Imam Ali bin Abi Thalib mengambil langkah berani dengan memindahkan ibu kota negara dari Madinah ke Kufah. Tindakan ini menjadi sejarah baru, mengingat sebelumnya tidak pernah dilakukan oleh Rasulullah SAW maupun tiga Khalifah awal: Abu Bakar, Umar bin Khattab, dan Utsman bin Affan. Langkah ini mencerminkan upaya Imam Ali untuk memisahkan urusan politik dan agama.
Latar belakang keputusan ini dimulai setelah terbunuhnya Khalifah Utsman pada 17 Juni 656. Meskipun berkuasa selama 12 tahun dan enam tahun pertamanya berjalan baik, situasi mulai memburuk seiring bertambahnya usia dan meluasnya kekuasaan Islam di luar jazirah Arab. Ketidakpuasan mulai muncul di kalangan masyarakat, dan pada akhirnya, Utsman dibunuh oleh pemberontak saat membaca Al-Qur’an di rumahnya.
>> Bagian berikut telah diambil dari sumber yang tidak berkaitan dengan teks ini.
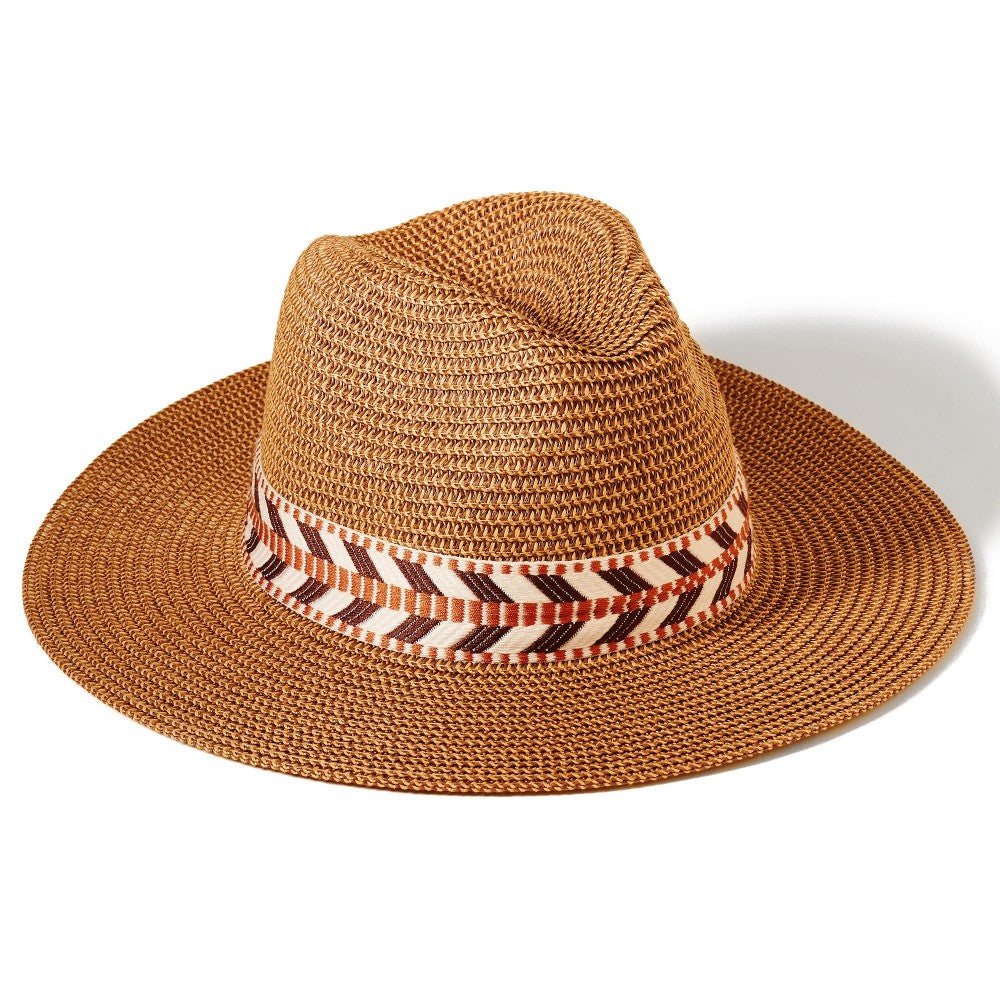 Straw Panama Sun Hat With Woven Band Dark Natural Judson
Setelah pembunuhan tersebut, pemberontak dari Mesir menguasai Madinah selama lima hari. Jenazah Utsman baru bisa dimakamkan setelah tiga hari, dan bukan di dekat kuburan Nabi atau dua khalifah sebelumnya. Pada 24 Juni 656, Imam Ali dibai’at menjadi Khalifah keempat, meskipun sebelumnya ia menolak pemilihan tersebut.
Namun, tantangan segera muncul. Banyak sahabat Nabi yang berada di luar Madinah merasa tidak terwakili dalam pemilihan Imam Ali. Di antara mereka adalah Thalhah dan Zubair yang bergerak ke Mekkah. Siti Aisyah, istri Nabi, juga tinggal di Mekkah dan meminta penegakan keadilan terhadap pembunuh Utsman.
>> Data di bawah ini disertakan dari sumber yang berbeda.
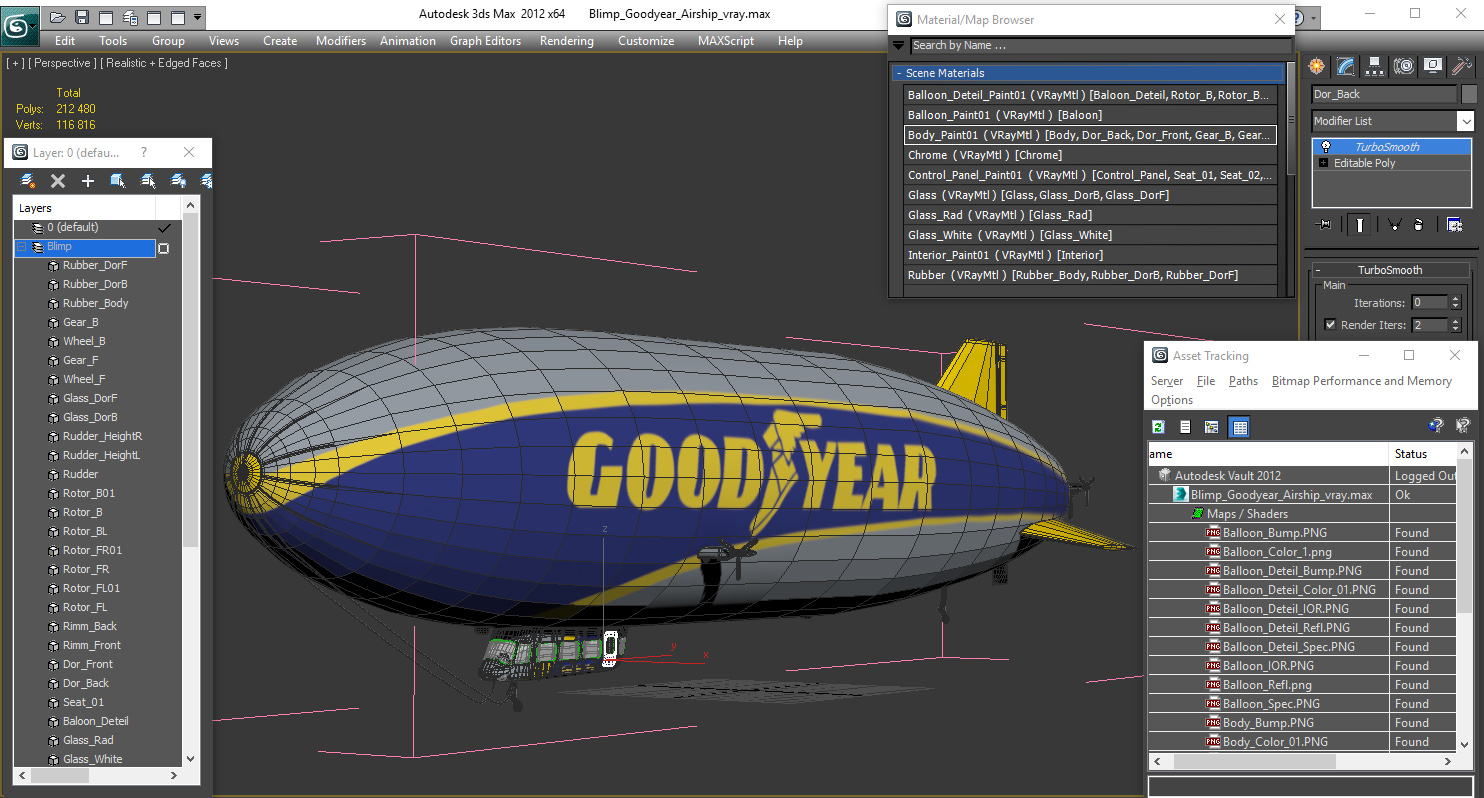 Blimp Goodyear Airship 3D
Imam Ali berusaha untuk menenangkan situasi, tetapi keengganannya untuk memenuhi tuntutan tersebut memicu tuduhan bahwa ia terlibat dalam pemberontakan yang mengakibatkan kematian Utsman. Thalhah, Zubair, dan Siti Aisyah kemudian bergerak ke Basrah untuk melawan Imam Ali.
Di Basrah, pasukan Khalifah Ali berjumlah 20 ribu, sedangkan pasukan Siti Aisyah mencapai 30 ribu. Pertempuran terjadi dan banyak umat Islam dari kedua belah pihak yang tewas, termasuk Thalhah dan Zubair. Setelah peperangan berakhir dengan kemenangan untuk Imam Ali, Siti Aisyah dikawal kembali ke Madinah dengan penghormatan.
Kondisi Madinah saat itu masih tidak stabil, dengan pendukung Utsman yang belum reda. Kembali ke Madinah bukanlah pilihan yang tepat bagi Imam Ali, begitu pula dengan Damaskus yang dikuasai Mu’awiyah dan Mekkah yang juga tidak aman karena Siti Aisyah berusaha memobilisasi dukungan dari sana.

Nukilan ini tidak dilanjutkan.